> **THE TASK**:
Please reproduce the lines of the records below from the one holding "Cool LGBT equality" through the one holding "KNYGA Stephen Rickard", inclusive, skipping all pictures.

> **RECORD EXCERPTS**:
----------------

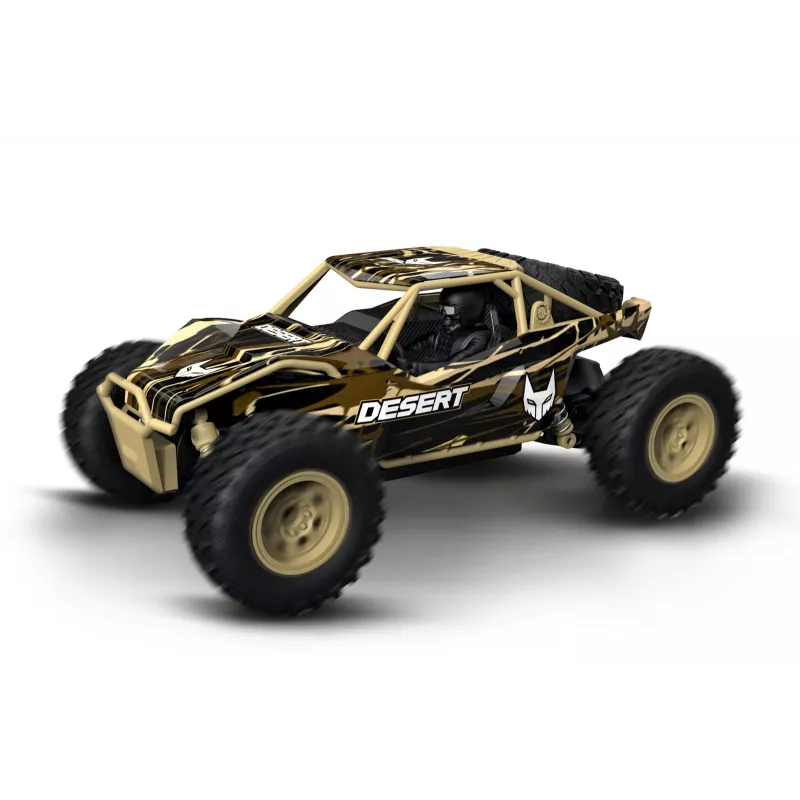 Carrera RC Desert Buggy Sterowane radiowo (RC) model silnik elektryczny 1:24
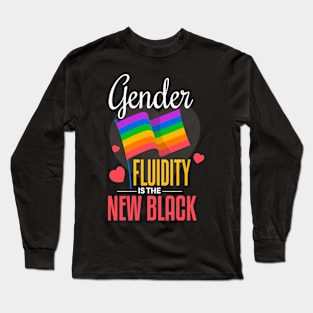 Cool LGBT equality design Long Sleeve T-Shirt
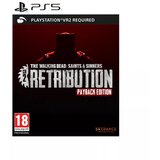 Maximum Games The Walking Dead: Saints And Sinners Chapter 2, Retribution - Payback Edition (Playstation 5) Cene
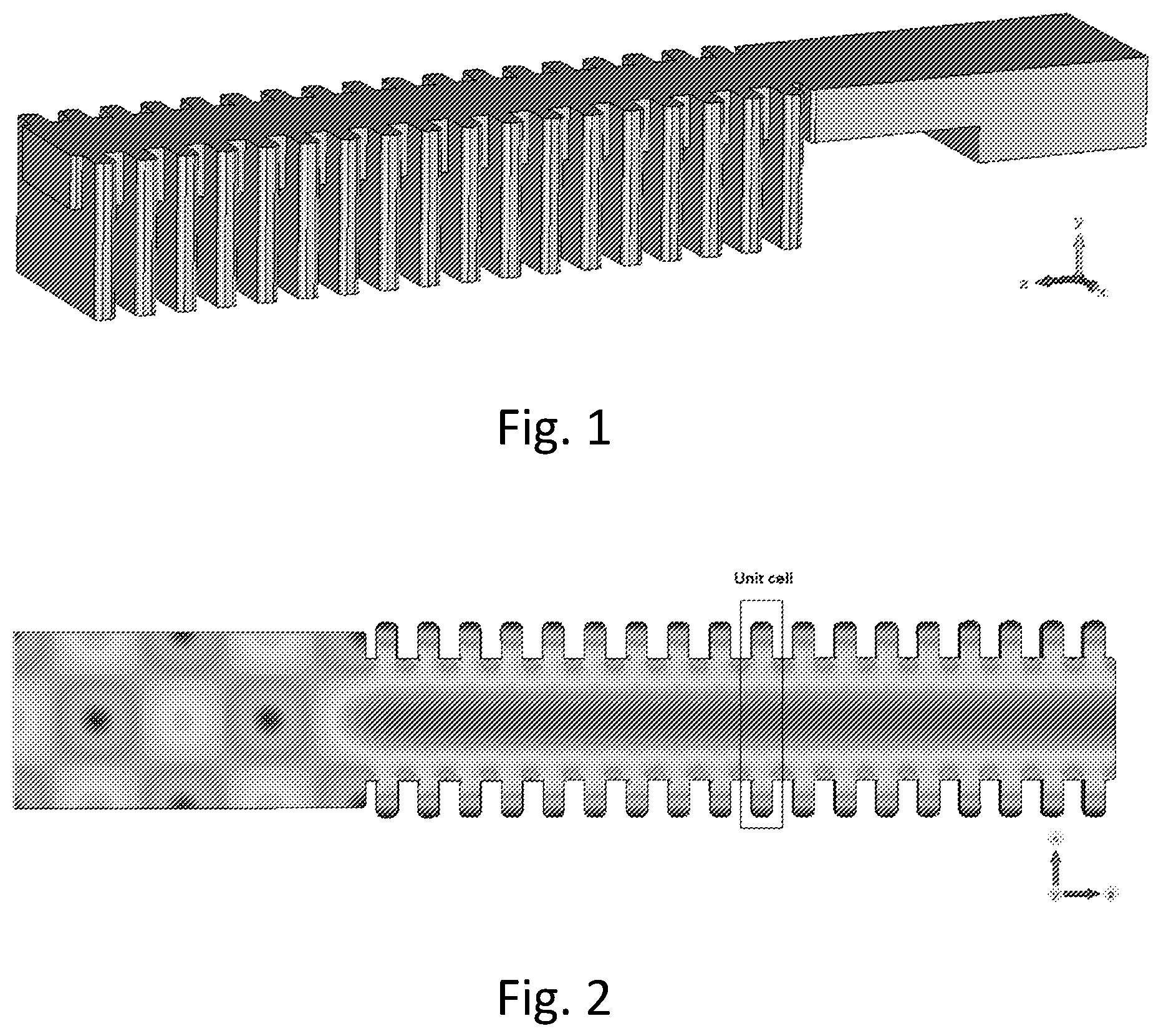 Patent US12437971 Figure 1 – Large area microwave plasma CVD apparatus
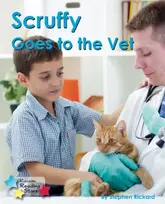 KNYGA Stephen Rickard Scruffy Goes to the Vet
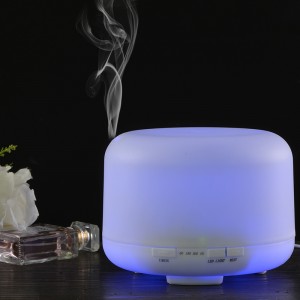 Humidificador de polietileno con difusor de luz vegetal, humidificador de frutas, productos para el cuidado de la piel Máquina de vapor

----------------

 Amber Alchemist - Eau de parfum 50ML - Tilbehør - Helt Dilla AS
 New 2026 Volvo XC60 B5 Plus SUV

----------------

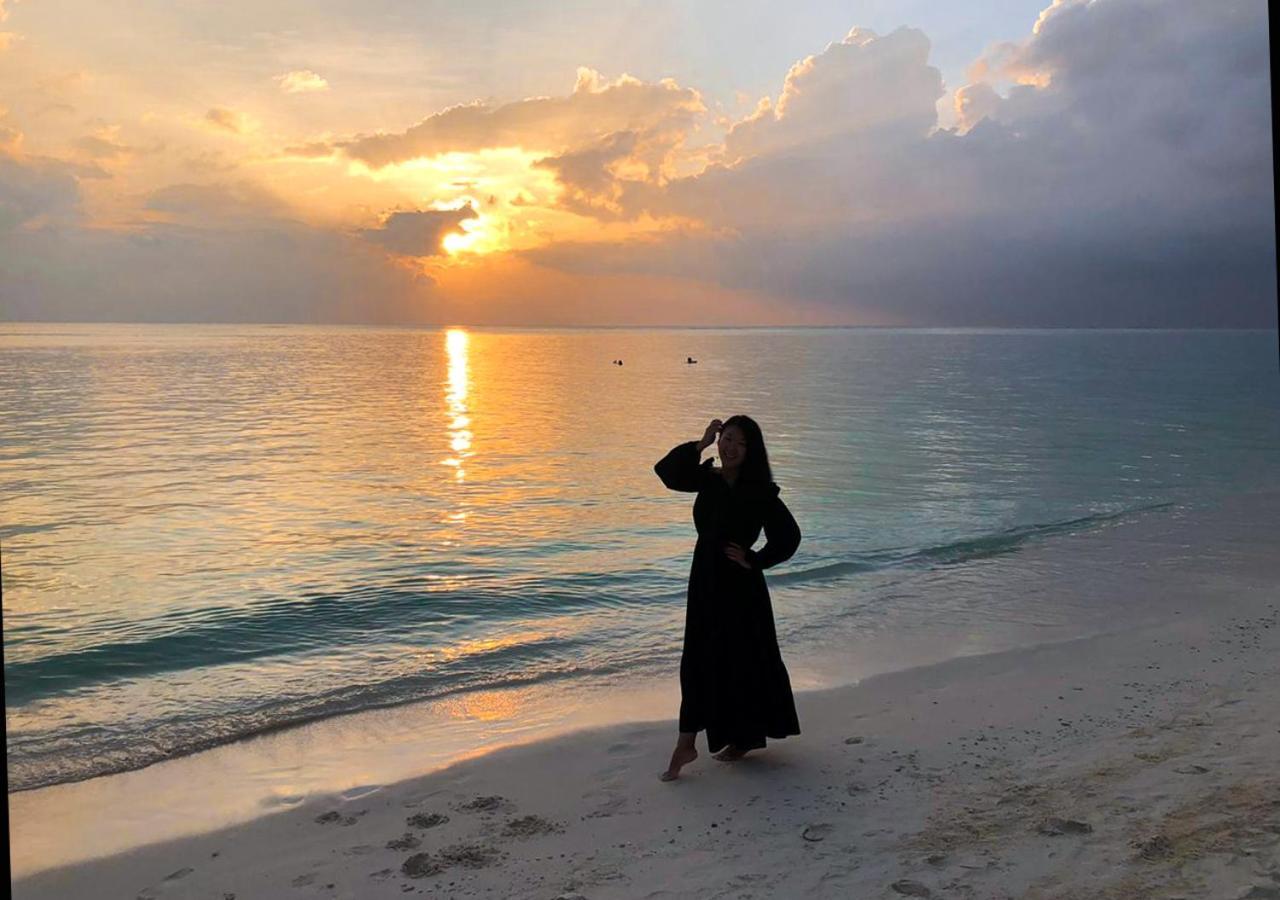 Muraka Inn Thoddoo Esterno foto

----------------

> **RESPONSE TO THE TASK**:
 Cool LGBT equality design Long Sleeve T-Shirt
 Maximum Games The Walking Dead: Saints And Sinners Chapter 2, Retribution - Payback Edition (Playstation 5) Cene
 Patent US12437971 Figure 1 – Large area microwave plasma CVD apparatus
 KNYGA Stephen Rickard Scruffy Goes to the Vet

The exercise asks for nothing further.